DELİLLER VE GEREKÇE :
Dava dilekçesi, cevap dilekçesi ve sair tüm evraklar hep birlikte incelenmiştir.
Mahkememizde açılan dava: İİK.nun 67. maddesi gereğince itirazın iptali davasıdır.
Dosyamıza getirtilen …. İcra Müdürlüğünün … esas sayılı takip dosyasının incelenmesinde; davacı tarafından davalı aleyhine toplam 80.021,58 TL üzerinden icra takibi yapıldığı, davalının itirazı üzerine takibin durduğu, itirazın süresinde ve usulüne uygun yapıldığı, buna göre davanın, İİK.67.maddesinde yazılı 1 yıllık hak düşürücü süre içerisinde açıldığı anlaşılmıştır.

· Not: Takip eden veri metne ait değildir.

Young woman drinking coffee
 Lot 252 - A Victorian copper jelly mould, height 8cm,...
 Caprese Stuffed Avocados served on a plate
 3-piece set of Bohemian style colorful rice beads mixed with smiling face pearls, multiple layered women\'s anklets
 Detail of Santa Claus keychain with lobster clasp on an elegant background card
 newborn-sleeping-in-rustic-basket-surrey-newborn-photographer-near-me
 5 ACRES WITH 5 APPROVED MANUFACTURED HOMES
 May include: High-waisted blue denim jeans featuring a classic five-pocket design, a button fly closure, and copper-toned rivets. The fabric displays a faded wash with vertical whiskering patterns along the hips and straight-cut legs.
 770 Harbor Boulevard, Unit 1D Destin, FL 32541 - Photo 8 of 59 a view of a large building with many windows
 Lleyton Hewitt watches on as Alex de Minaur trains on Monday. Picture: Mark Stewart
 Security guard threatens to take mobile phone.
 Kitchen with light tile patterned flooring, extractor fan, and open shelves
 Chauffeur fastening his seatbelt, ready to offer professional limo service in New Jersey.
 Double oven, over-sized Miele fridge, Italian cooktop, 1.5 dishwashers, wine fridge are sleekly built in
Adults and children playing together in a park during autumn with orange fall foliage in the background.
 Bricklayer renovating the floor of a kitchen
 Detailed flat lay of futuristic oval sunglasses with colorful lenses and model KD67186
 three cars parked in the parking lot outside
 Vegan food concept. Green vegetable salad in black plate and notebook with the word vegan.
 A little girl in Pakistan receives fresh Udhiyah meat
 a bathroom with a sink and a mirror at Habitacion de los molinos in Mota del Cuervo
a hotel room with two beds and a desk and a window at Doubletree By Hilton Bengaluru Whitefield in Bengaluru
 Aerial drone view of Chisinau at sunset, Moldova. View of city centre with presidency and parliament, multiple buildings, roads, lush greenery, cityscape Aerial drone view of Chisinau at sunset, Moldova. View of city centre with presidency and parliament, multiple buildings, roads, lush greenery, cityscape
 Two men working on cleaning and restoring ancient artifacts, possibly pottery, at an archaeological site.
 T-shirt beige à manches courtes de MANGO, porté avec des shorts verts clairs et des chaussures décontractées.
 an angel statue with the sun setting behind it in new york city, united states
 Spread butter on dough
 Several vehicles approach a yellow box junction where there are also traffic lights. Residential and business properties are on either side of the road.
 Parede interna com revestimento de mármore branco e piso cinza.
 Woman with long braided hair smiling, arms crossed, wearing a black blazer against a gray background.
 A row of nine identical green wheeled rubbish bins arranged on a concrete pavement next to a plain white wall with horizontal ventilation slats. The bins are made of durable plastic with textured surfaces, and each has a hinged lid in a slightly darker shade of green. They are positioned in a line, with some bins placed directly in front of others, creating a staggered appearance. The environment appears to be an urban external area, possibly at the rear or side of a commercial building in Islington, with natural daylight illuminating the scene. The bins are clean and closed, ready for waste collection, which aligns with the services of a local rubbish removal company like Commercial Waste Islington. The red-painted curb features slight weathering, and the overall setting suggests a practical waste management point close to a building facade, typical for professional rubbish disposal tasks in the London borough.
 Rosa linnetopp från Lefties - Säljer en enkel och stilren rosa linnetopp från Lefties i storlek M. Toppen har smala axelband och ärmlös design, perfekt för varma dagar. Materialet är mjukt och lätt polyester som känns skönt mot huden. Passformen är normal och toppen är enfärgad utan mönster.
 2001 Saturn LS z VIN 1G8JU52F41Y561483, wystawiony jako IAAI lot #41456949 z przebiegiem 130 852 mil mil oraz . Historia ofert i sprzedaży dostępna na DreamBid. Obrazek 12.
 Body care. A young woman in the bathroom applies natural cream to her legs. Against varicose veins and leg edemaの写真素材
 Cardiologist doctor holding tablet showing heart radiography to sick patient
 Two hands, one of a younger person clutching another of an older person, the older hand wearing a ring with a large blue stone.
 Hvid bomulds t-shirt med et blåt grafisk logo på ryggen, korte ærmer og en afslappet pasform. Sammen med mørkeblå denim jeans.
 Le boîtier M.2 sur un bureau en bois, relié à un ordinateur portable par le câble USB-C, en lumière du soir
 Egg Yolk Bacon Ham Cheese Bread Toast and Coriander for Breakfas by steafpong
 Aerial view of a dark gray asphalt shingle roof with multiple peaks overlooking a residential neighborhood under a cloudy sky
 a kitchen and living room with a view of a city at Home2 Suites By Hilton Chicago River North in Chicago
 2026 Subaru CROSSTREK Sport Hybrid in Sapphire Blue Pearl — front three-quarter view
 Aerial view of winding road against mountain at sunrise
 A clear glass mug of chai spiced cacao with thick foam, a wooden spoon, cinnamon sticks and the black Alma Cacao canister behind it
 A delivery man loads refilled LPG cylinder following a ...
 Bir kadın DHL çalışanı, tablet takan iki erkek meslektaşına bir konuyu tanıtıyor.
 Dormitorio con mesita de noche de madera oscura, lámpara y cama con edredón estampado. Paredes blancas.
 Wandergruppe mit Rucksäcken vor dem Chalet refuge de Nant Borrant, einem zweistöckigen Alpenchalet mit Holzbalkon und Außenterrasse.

Dava konusu ihtilaf; taraflar arasında imzalanan “LPG Otogaz İstasyonu Bayilik Sözleşmesi” kapsamında, davacı tarafından cari hesap nedeniyle, davalının sorumlu olup olmadığı ve sorumlu ise miktarı, alacağın tahsili istemiyle başlatılan takibe itirazın iptali koşullarının oluşup oluşmadığına ilişkindir.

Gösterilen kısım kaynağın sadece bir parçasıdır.